Maths & trigonometry cheat sheet for 2D & 3D games

readme.md

Conventions

• A = [xA, yA] is a point on the 2D plane. Same for B, C, ...
• lengths are in any unit (ex: pixels)
• code snippets are in JavaScript

Degrees to radians

angleRad = angleDeg * Math.PI / 180;

Radians to degrees

angleDeg = angleRad * 180 / Math.PI;

Unit circle

2D

Distance between two points (Pythagore)

• dist = function(A,B){ return Math.sqrt((xB - xA)*(xB - xA) + (yB - yA)*(yB - yA)) } // ES5
• dist = (A, B) => Math.hypot(xB - xA, yB - yA) // ES6

Line passing through 2 points

• line equation: y = ax + b
• a = (yB - yA) / (xB - xA) = tan θ
• θ = angle between line and x axis
• b = yA - a * xA (because yA = a * xA + b)

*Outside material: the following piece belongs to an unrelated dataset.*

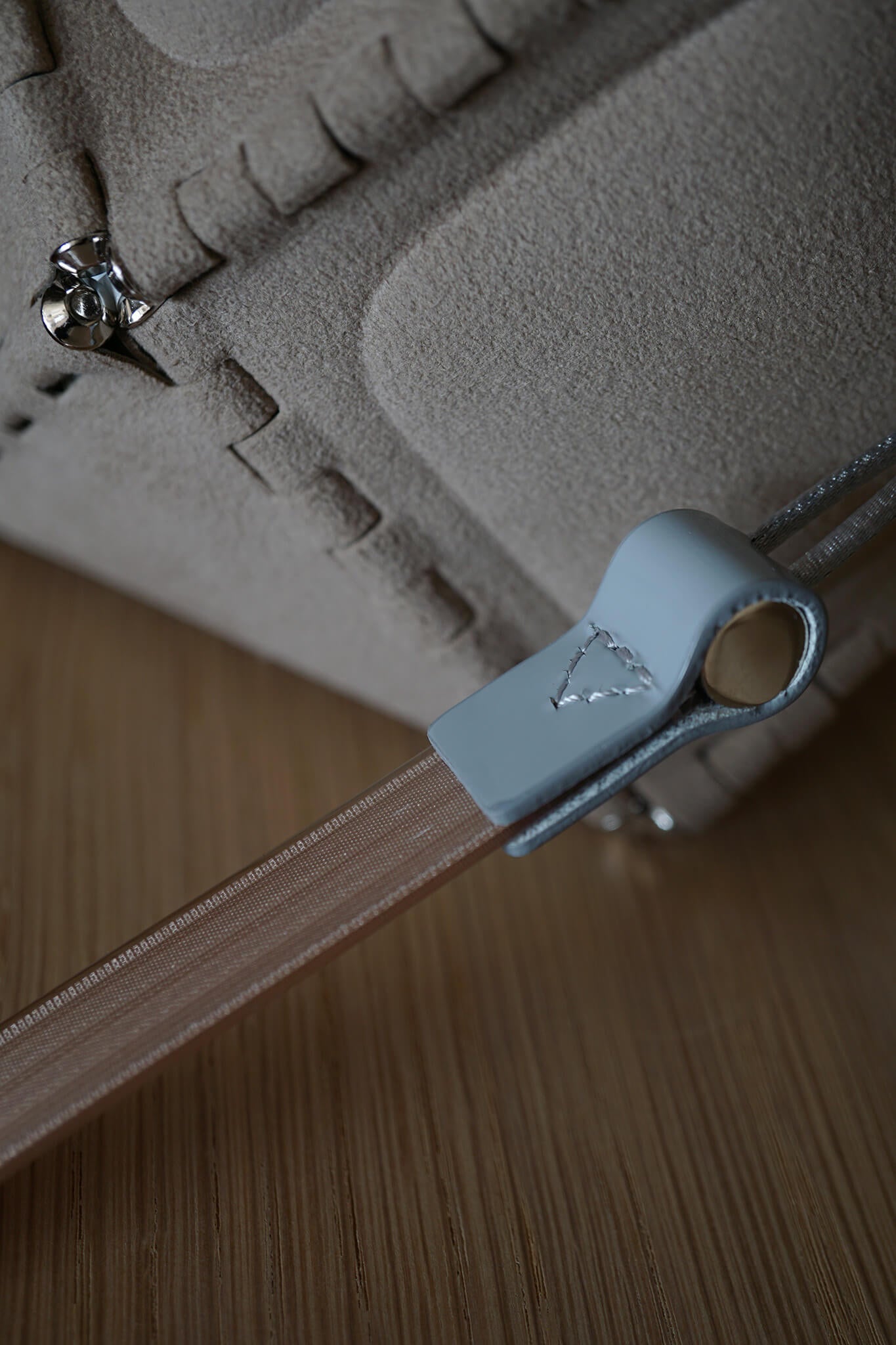 ゴジュウニバイヒカルマツムラ<br>/52 BY HIKARUMATSUMURA<br>ミスロボット/MissROBOT<br>ASTERISK MEDIUM / Beige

Intersection of 2 secant lines

• line 1: y = a * x + b
• line 2: y' = a' * x + b'
• intersection point P:
  • xP = (a - a')/(b' - b);
  • yP = a * xP + b;
• Ex with y = 5 * x + 1 and y' = 2 * x + 8:
  • xP = 7/3;
  • yP = 12.666;

Angle in radians between the x axis at the origin and a point on the plane

angle = Math.atan2(Ax, Ay)

Angle in radians between two points and the origin

angle = Math.atan2(By - Ay, Bx - Ax);

Rotate a point of the plane around the origin (angle in radians)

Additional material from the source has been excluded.